**Work item:**
I need the lines below from the one with "Witfree Robot Vacuum" down to the one with "Lace Up Ruffled" reproduced exactly, both ends included, and nothing else.

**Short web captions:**
-------------------------

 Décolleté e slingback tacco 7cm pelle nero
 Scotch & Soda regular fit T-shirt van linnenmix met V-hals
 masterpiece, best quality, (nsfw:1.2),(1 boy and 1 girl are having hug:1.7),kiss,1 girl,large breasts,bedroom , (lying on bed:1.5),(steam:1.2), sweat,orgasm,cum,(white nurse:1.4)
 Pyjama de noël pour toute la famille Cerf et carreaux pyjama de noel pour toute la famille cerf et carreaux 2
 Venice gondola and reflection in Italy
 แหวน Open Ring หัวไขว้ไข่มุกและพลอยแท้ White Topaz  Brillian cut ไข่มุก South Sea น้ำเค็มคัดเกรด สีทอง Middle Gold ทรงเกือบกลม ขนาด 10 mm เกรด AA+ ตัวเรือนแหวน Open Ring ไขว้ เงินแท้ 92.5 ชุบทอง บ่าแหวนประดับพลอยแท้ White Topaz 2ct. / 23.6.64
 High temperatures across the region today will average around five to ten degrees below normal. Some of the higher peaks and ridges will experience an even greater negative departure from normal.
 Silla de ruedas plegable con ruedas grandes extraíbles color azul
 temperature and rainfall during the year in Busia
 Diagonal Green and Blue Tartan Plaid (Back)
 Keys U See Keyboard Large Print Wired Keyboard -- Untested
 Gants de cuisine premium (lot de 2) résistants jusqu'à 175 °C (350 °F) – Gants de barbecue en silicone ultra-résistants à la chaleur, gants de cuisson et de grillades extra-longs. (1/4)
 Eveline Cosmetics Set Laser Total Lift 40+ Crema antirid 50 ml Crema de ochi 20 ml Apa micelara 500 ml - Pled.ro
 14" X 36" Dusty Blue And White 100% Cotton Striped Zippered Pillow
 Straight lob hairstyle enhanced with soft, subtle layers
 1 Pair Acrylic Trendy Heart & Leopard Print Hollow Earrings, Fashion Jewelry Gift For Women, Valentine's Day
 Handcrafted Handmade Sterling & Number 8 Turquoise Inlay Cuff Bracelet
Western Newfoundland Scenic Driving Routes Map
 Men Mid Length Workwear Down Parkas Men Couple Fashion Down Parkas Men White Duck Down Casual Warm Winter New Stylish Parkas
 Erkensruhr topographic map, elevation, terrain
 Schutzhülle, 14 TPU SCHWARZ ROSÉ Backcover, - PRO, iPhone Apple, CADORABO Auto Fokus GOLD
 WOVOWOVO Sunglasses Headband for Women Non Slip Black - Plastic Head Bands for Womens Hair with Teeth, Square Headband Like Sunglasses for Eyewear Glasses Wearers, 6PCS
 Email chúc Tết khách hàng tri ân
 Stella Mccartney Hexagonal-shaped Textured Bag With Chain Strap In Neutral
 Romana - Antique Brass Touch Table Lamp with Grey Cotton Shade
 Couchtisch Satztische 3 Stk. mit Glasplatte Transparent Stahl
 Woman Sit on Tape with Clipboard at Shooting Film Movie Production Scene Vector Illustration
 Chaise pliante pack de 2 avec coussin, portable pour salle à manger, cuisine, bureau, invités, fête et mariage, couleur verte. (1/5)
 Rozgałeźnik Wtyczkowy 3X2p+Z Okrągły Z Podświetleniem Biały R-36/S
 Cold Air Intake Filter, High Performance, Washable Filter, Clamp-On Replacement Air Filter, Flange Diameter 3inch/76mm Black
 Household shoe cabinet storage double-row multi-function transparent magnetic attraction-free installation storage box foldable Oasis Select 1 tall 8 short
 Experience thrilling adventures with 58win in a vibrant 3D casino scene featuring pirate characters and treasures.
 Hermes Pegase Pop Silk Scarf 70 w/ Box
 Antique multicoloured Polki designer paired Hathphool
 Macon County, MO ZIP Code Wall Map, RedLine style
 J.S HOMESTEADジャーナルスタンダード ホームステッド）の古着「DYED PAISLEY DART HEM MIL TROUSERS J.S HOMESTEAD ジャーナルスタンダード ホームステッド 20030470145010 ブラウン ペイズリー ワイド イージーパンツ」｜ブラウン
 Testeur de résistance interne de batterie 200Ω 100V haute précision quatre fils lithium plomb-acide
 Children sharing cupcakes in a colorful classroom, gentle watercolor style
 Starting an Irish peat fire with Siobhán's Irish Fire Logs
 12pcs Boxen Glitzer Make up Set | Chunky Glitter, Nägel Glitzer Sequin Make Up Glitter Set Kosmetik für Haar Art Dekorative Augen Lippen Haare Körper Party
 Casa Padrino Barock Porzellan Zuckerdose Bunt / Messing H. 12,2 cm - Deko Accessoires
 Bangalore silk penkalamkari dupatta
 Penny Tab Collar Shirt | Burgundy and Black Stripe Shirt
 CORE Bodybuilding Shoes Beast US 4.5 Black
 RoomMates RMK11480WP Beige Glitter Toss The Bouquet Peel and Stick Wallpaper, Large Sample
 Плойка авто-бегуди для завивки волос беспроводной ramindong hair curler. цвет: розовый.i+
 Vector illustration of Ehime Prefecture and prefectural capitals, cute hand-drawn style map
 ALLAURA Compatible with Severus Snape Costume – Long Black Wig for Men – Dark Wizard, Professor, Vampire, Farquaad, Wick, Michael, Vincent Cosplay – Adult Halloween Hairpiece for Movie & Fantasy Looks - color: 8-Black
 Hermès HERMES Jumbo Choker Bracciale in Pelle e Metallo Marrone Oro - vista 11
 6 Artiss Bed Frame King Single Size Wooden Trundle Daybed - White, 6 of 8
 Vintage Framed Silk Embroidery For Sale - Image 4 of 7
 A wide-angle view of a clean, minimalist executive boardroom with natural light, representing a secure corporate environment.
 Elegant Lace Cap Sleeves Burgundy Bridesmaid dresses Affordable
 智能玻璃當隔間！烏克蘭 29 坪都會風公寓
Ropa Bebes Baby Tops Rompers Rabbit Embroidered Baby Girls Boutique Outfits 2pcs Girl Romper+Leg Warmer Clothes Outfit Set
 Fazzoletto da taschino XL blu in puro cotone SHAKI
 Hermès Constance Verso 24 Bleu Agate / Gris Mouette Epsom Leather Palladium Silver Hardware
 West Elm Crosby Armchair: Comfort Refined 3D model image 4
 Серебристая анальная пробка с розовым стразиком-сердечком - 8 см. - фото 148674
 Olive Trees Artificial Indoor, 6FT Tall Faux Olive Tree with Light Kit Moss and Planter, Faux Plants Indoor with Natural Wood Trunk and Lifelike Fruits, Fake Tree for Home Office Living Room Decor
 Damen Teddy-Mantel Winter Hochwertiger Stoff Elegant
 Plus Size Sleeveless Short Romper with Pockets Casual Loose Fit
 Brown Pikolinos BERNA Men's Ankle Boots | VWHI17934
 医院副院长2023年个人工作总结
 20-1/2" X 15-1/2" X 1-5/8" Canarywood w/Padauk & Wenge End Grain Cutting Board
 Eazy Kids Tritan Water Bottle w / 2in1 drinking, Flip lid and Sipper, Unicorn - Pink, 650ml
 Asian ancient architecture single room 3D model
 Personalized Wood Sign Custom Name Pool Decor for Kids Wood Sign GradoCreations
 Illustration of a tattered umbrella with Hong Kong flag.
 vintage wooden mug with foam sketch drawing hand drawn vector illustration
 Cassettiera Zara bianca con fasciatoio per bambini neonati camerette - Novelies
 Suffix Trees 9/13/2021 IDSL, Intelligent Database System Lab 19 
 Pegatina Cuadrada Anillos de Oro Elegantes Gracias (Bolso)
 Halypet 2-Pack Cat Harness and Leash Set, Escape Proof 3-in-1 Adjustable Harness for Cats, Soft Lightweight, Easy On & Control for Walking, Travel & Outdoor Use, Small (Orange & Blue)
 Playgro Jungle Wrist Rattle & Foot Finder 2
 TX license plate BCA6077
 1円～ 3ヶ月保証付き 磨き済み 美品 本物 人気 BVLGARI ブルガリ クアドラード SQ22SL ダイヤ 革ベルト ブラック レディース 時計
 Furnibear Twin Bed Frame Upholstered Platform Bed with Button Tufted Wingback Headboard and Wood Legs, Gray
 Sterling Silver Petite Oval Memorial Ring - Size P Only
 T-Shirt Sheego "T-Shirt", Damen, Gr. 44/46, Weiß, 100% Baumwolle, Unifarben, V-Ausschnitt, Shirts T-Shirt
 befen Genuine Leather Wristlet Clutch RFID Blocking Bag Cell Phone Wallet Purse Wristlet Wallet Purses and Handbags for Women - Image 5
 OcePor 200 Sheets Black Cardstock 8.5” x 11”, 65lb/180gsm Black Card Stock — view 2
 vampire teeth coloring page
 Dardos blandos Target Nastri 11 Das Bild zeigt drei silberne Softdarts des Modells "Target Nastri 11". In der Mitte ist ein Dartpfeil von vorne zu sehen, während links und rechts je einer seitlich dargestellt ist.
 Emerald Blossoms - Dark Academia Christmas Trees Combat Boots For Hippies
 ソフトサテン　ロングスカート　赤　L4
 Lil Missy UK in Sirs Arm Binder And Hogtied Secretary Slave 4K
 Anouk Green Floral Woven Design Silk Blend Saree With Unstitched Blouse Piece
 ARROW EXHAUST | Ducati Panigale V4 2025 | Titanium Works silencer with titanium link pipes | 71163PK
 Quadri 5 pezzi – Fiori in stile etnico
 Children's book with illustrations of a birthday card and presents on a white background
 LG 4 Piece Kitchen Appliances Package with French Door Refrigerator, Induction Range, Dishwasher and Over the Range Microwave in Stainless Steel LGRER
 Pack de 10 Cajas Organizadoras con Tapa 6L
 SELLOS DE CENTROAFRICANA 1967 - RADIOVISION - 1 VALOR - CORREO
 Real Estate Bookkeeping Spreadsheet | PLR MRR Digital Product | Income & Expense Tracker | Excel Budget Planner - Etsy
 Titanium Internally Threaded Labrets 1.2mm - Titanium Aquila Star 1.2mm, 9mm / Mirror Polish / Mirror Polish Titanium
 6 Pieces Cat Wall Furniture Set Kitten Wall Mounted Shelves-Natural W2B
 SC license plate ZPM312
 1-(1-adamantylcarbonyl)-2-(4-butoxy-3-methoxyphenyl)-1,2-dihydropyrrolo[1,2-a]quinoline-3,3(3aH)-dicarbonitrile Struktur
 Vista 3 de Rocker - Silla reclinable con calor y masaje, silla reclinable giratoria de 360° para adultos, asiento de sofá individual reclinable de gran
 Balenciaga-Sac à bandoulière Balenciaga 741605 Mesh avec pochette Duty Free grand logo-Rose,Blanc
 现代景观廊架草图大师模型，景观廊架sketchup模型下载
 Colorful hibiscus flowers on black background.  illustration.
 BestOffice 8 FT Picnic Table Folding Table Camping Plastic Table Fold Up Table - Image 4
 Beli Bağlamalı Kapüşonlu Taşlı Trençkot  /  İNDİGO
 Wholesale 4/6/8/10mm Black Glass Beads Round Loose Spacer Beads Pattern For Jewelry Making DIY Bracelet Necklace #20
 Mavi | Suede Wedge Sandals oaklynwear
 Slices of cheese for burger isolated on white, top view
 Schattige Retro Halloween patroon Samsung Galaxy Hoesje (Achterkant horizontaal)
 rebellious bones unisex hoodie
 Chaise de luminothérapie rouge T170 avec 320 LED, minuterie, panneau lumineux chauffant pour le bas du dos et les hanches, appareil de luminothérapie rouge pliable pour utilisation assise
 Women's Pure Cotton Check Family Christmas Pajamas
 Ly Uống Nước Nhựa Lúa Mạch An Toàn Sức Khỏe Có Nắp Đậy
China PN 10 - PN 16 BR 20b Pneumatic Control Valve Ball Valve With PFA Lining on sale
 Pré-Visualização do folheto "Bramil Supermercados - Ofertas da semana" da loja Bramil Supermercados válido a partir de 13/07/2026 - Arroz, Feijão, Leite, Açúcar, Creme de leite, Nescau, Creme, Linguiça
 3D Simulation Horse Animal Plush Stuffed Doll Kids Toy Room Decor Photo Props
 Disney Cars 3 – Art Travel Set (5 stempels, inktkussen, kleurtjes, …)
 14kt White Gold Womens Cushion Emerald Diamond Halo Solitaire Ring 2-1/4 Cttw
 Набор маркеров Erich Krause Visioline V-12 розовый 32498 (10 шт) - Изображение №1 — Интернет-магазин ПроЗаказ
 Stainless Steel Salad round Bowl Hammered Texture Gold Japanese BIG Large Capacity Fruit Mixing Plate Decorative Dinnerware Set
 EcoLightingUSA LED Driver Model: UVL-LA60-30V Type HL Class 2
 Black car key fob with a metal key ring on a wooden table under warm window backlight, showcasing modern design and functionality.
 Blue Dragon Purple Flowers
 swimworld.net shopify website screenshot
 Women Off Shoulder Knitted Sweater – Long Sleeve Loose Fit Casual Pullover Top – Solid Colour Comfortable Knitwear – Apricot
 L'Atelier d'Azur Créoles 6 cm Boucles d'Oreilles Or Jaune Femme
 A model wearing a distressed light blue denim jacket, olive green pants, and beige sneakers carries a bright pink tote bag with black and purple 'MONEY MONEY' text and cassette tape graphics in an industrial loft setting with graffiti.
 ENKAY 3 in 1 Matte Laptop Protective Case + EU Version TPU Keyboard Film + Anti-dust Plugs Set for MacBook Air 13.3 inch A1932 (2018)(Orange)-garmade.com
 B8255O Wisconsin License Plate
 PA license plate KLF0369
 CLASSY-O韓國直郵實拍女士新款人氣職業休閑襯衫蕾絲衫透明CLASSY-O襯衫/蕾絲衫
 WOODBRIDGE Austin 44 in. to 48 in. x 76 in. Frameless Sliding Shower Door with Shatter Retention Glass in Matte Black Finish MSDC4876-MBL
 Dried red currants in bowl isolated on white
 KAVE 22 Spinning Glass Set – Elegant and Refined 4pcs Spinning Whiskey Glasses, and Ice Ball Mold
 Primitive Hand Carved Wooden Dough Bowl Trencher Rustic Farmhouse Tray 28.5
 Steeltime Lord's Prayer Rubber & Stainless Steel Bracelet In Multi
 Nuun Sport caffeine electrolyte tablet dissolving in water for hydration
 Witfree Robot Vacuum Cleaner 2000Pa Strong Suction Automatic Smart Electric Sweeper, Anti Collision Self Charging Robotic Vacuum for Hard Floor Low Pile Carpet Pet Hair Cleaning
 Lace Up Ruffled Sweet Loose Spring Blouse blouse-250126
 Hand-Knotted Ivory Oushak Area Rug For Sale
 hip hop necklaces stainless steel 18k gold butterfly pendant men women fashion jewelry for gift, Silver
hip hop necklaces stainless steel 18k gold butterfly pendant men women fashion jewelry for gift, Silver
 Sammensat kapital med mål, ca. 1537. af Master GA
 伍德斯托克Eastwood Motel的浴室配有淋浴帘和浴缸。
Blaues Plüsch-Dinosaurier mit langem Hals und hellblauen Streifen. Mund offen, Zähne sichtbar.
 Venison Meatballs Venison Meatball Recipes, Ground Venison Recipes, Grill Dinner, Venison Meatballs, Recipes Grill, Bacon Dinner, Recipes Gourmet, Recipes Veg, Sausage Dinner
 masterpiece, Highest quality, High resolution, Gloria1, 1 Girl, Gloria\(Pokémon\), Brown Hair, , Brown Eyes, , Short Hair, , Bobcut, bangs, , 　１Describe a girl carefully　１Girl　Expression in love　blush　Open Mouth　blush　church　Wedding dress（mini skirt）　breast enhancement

-------------------------

**Answer to this exercise:**
 Witfree Robot Vacuum Cleaner 2000Pa Strong Suction Automatic Smart Electric Sweeper, Anti Collision Self Charging Robotic Vacuum for Hard Floor Low Pile Carpet Pet Hair Cleaning
 Lace Up Ruffled Sweet Loose Spring Blouse blouse-250126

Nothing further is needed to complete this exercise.